On the repos where I added the SPDX header I checked this explicitly. As mentioned by other above already. Nextcloud when founded in 2016 decided to go with AGPL3+, also on existing repositories from the oC times where in most cases AGPL3 (ONLY) has been used. In the later case the overall license is locked on AGPL3-ONLY. So yes, I did and could choose AGPL3+ for AppAPI because it was built by Nextcloud with no history "before the fork" hence not AGPL-3-only.

In general:
When unsure about which license it is or shall be, just ask me or Björn :)

beware that the server also ships an XSD for this... so that one needs to be updated as well. I can't say if that causes issues, maybe check back with @nickvergessen . I think he mentioned something some time ago with respect to the schema file and changing enums... So it might cause compatibility issues (in cases where old servers with old XSDs validate the info xml)

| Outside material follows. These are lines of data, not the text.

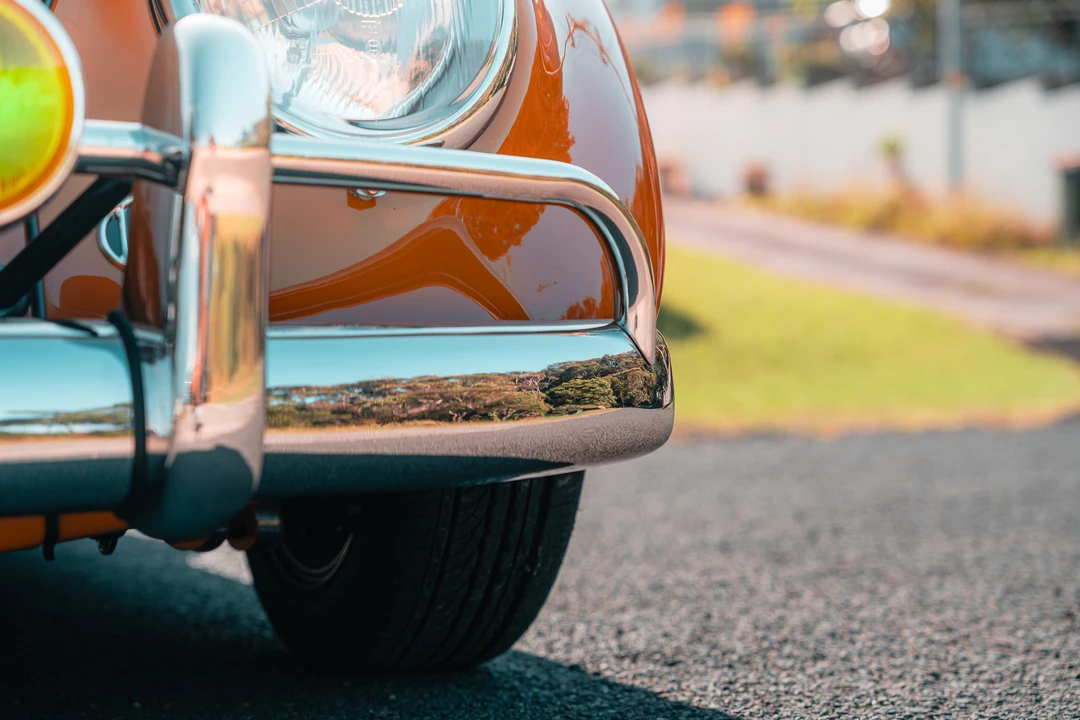1966 Volkswagen Beetle (1958-1979) - Image 21 of 31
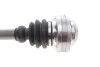 Полуось (передняя) VW T5 1.9TDI 03- (L) MAGNETI MARELLI 302004190014 (фото 4)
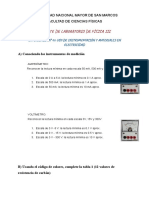 RE Tdela TO de Físi I: EX EN #02: Us de in R Taónyma Al en EL RID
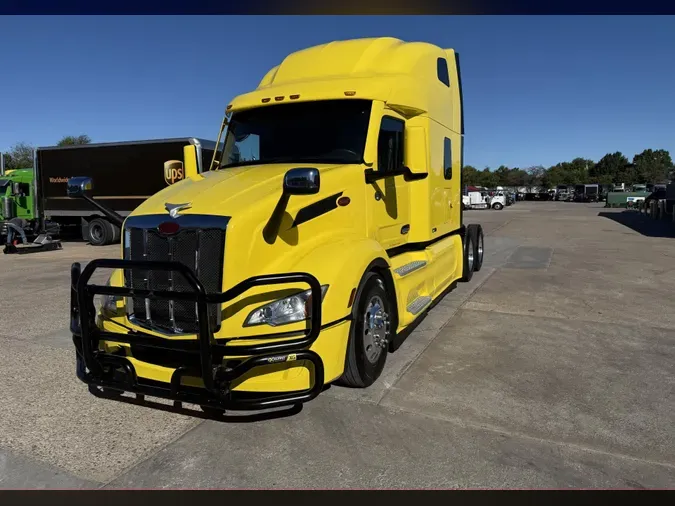 2024 Peterbilt 579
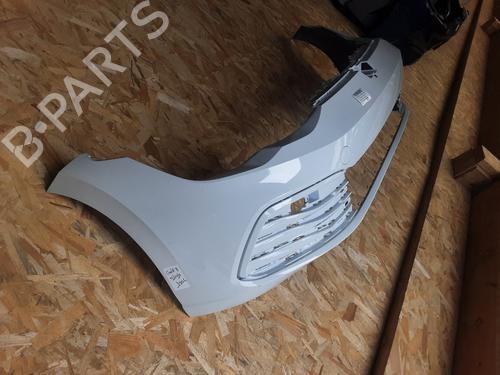 Front bumper VW GOLF VIII (CD1, DA1) 2.0 TDI | BP25731046C7 - Image 2
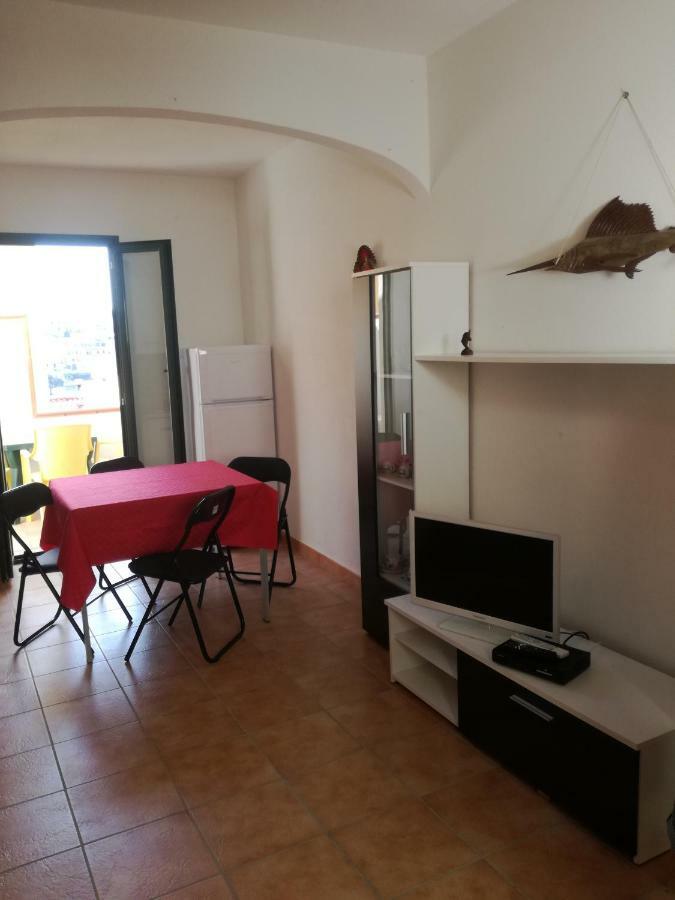 Apartamento Las Dos Islas Castelsardo Exterior foto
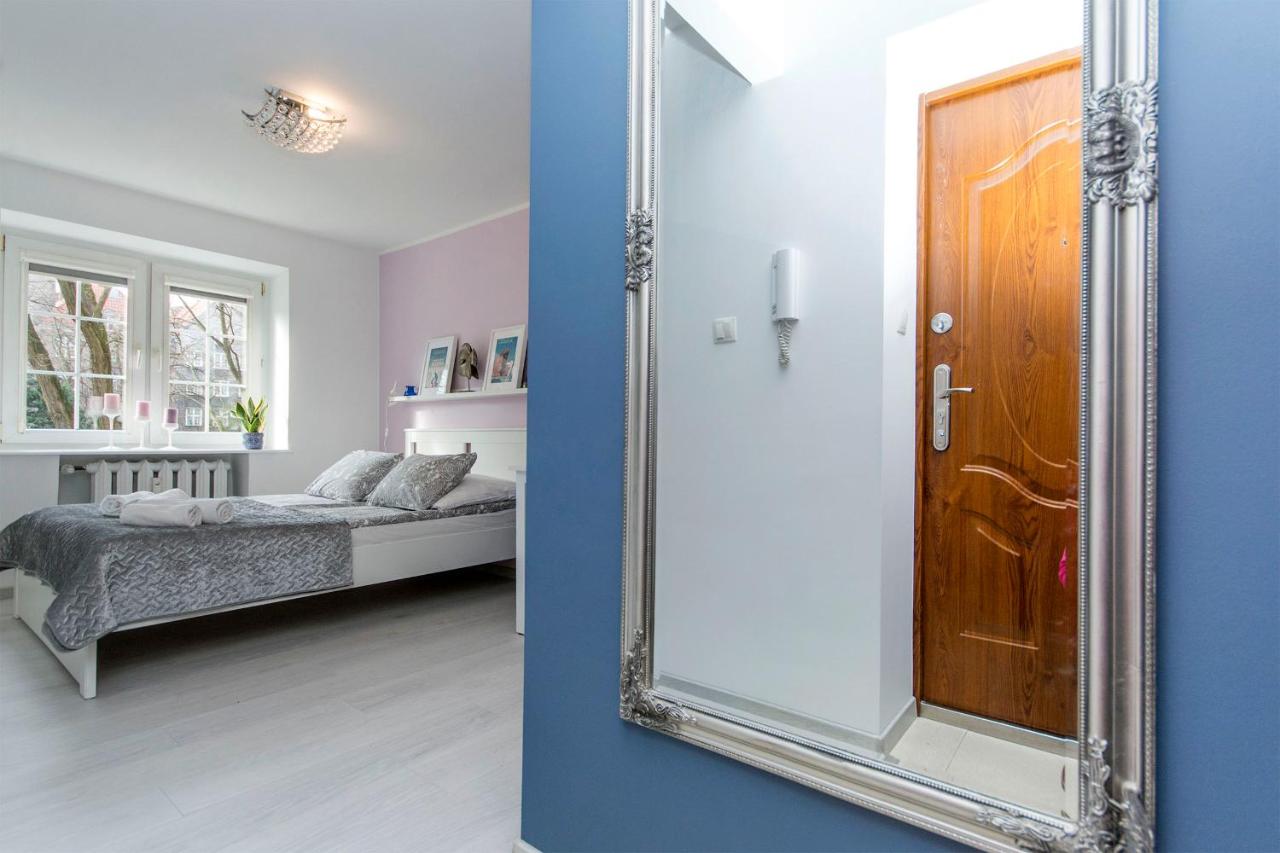 RentApart Stare Miasto - B&B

Since we can likely not just drop the current/old enum values, what is the best way to tell everyone that they should use the new ones?
We could have a debug log in the server when such an app is enabled, or script creating issues in all nextcloud org repos that contain such an app, or we make the appstore reject new app release uploads that use one of the old values.
Are there any other viable options?

We could have a debug log in the server when such an app is enabled

Please don't there are too many debugs no one can do anything about already ...

or we make the appstore reject new app release uploads that use one of the old values.

Please don't as it will just fail the release action and have many people with no clue ask questions what to do, and no one can give them a legally binding answer.

beware that the server also ships an XSD for this... so that one needs to be updated as well.

Should be done, yeah. the only difference is that the server one allows the default_enabled element iirc.

See my comments in #1560 minVersion>=31 shall be used since we cannot guarantee older, existing server versions to ship the updated XSD, hence their validation fails, so only app-versions with an info.xml with minVersion>=31 shall use the new identifiers.

Also this can only be merged after the same PR has been merged on server v31, to ensure v31.0.0 (and later) won't break.